I've been having issues with my Canelés browning evenly.
I am using the 55mm tall copper tin lined molds. The top of the canelé (bottom of the mold) stays blond while the rest I can get to a rich very dark brown/black.
I have tried nearly every permutations of :
- Baking at 450°F for 15mins then dropping the temp to 375°F;
- Baking at 400°F for the entire bake time;
- Placing the molds directly on a sheet tray;
- Placing the molds on a rack on a sheet tray;
- Placing the sheet tray as close to the bottom element as possible - for the entire time period and for the last 5 minutes;
- Blasting the temp to 550°F for the last 5 minutes (so the bottom element stays on).
- Extending the cooking time over 50% (90 mins total).
I was filling the molds by weight to 70g, but I find judging by eye quicker and easier. I am filling about 65-68g.

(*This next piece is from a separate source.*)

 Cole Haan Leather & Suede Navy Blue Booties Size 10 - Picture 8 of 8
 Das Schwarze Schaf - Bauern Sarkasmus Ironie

During the baking I am getting some souffling with the top of the pastry rising a good 20mm above the mold. It mostly collapses to the height of the mold once baking is finished. I am assuming this is due to the amount of butter I am placing in the mold as I am establishing the nonstick coating. The molds were deep fried before the first use.
While the mistakes are very tasty I am almost in need of a belly wheel (2000AD fans will know what this is).
Does anyone have other ideas I have not yet tried?


The image above was 450°F for 15 mins, then 375°F for a total of 75mins direct on a sheet tray as close to the bottom element as possible. They needed to go at least another 15 mins as the middle was under cooked.